• INFORMATION GIVEN
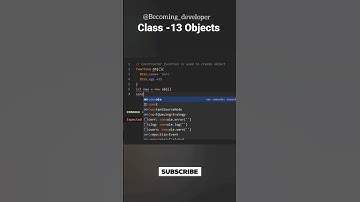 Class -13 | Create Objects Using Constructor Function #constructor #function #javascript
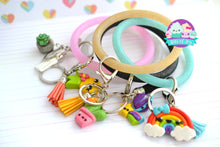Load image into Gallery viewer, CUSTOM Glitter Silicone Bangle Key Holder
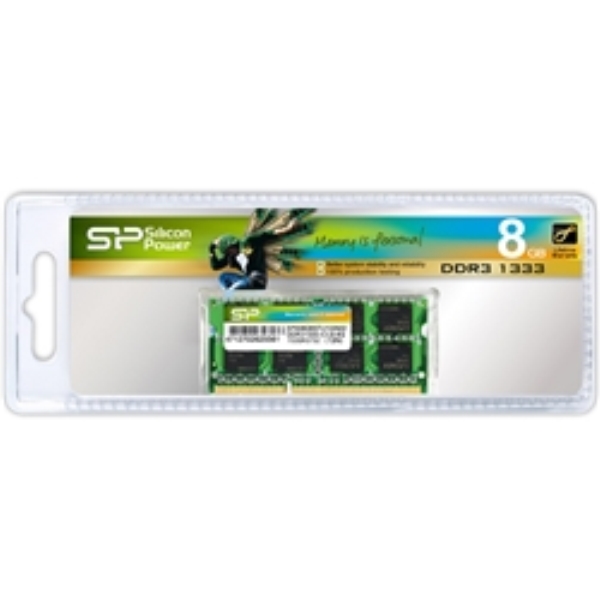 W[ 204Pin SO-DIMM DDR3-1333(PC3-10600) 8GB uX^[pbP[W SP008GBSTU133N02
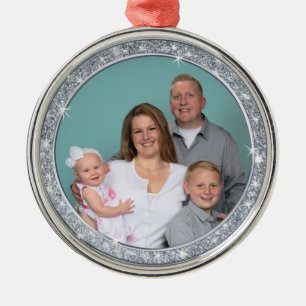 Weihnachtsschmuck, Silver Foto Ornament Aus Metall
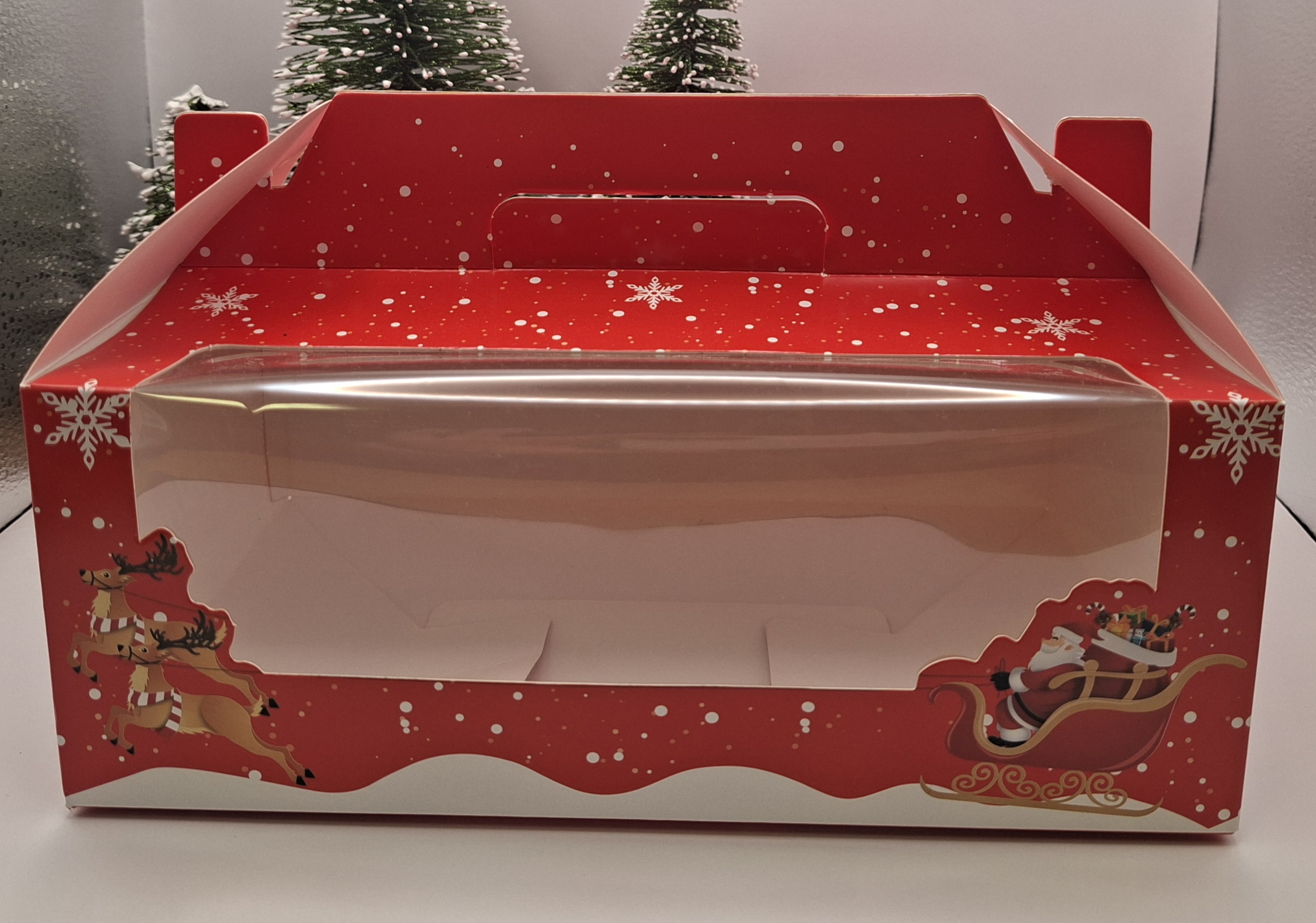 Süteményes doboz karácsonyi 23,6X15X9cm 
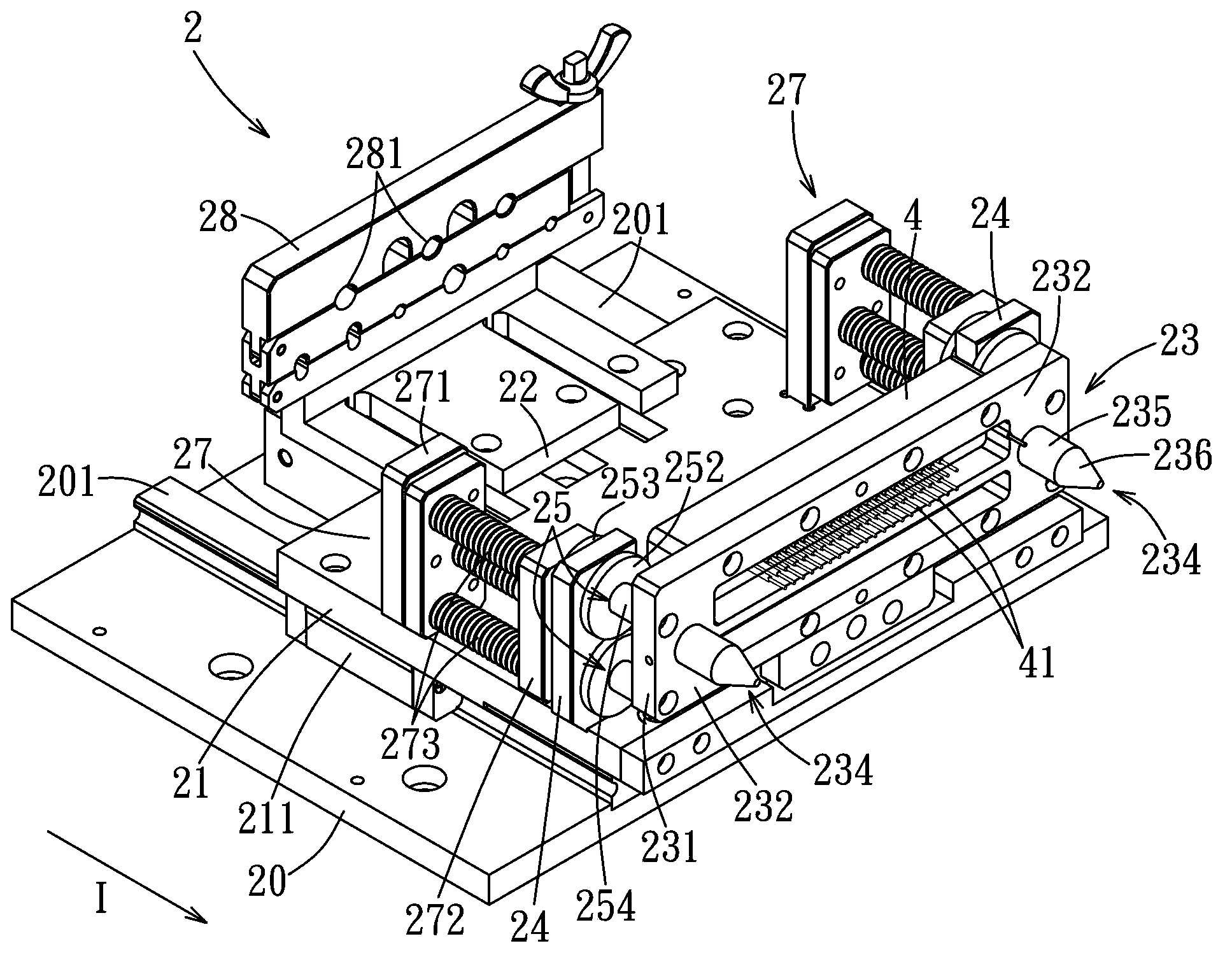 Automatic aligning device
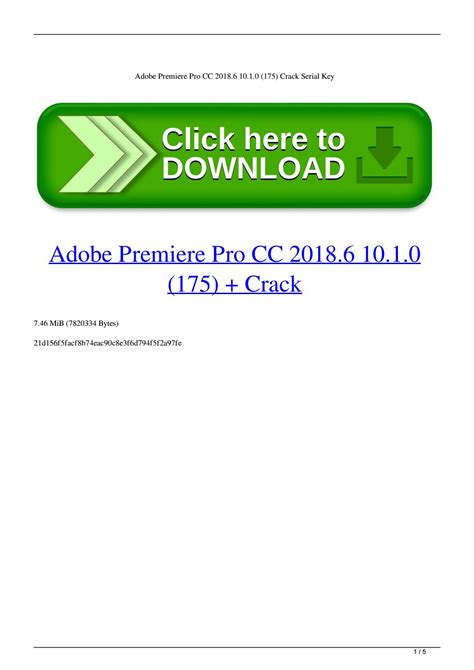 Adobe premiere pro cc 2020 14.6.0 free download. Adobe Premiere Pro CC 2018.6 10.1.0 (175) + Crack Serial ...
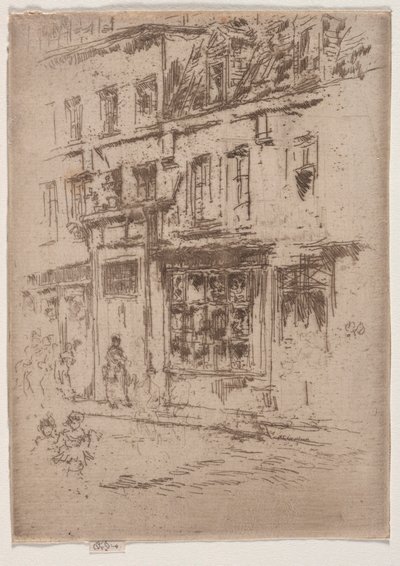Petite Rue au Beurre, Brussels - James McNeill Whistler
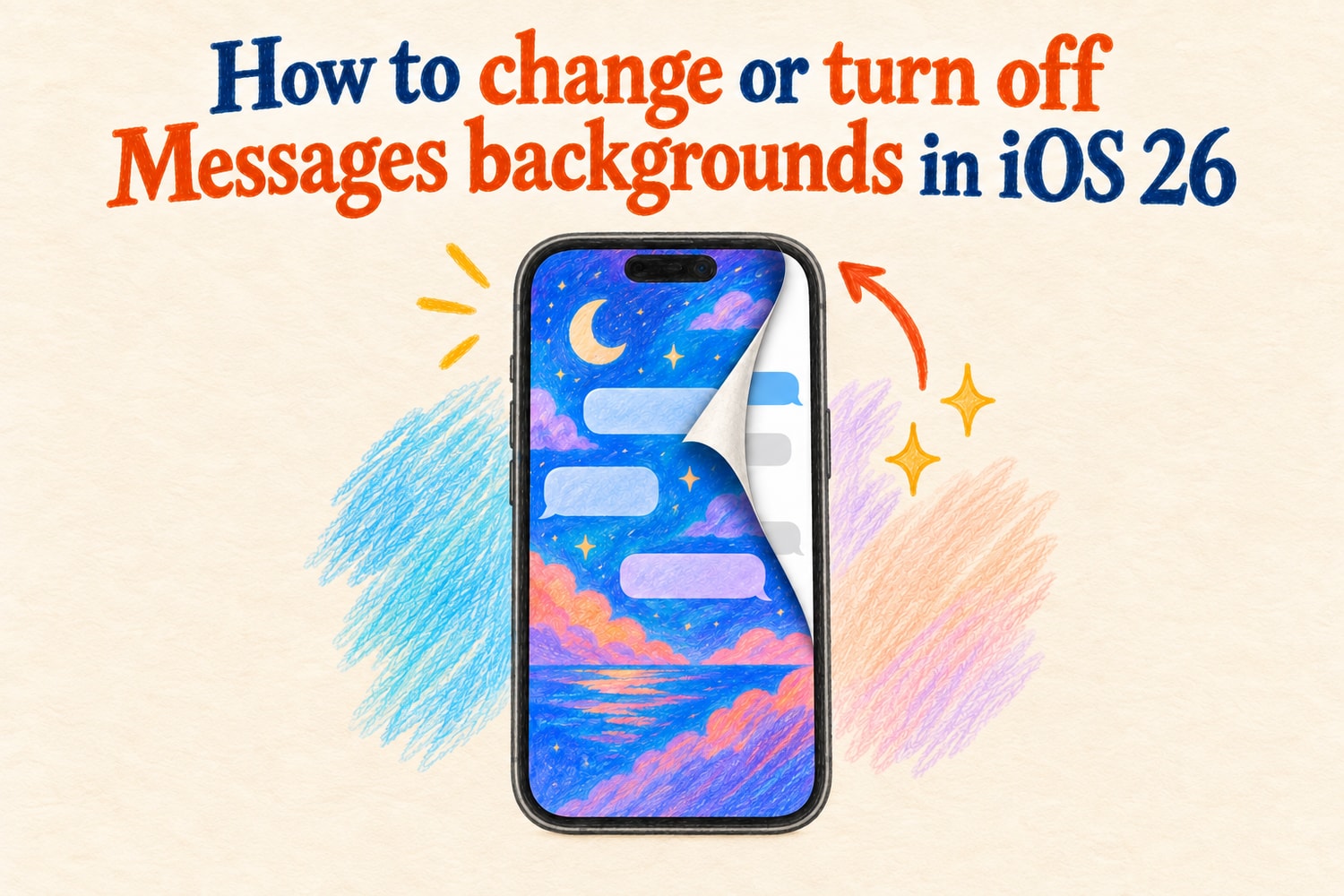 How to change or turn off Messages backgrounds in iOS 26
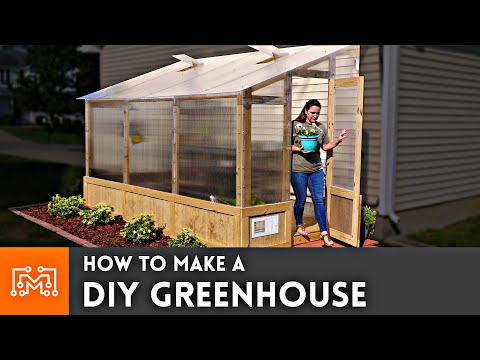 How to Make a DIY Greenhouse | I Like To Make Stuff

• WORK TO BE COMPLETED
For this task, give the full listing again verbatim and keep out every picture.

• ANSWER SPACE
 Class -13 | Create Objects Using Constructor Function #constructor #function #javascript
Load image into Gallery viewer, CUSTOM Glitter Silicone Bangle Key Holder
 W[ 204Pin SO-DIMM DDR3-1333(PC3-10600) 8GB uX^[pbP[W SP008GBSTU133N02
 Weihnachtsschmuck, Silver Foto Ornament Aus Metall
 Süteményes doboz karácsonyi 23,6X15X9cm 
 Automatic aligning device
 Adobe premiere pro cc 2020 14.6.0 free download. Adobe Premiere Pro CC 2018.6 10.1.0 (175) + Crack Serial ...
Petite Rue au Beurre, Brussels - James McNeill Whistler
 How to change or turn off Messages backgrounds in iOS 26
 How to Make a DIY Greenhouse | I Like To Make Stuff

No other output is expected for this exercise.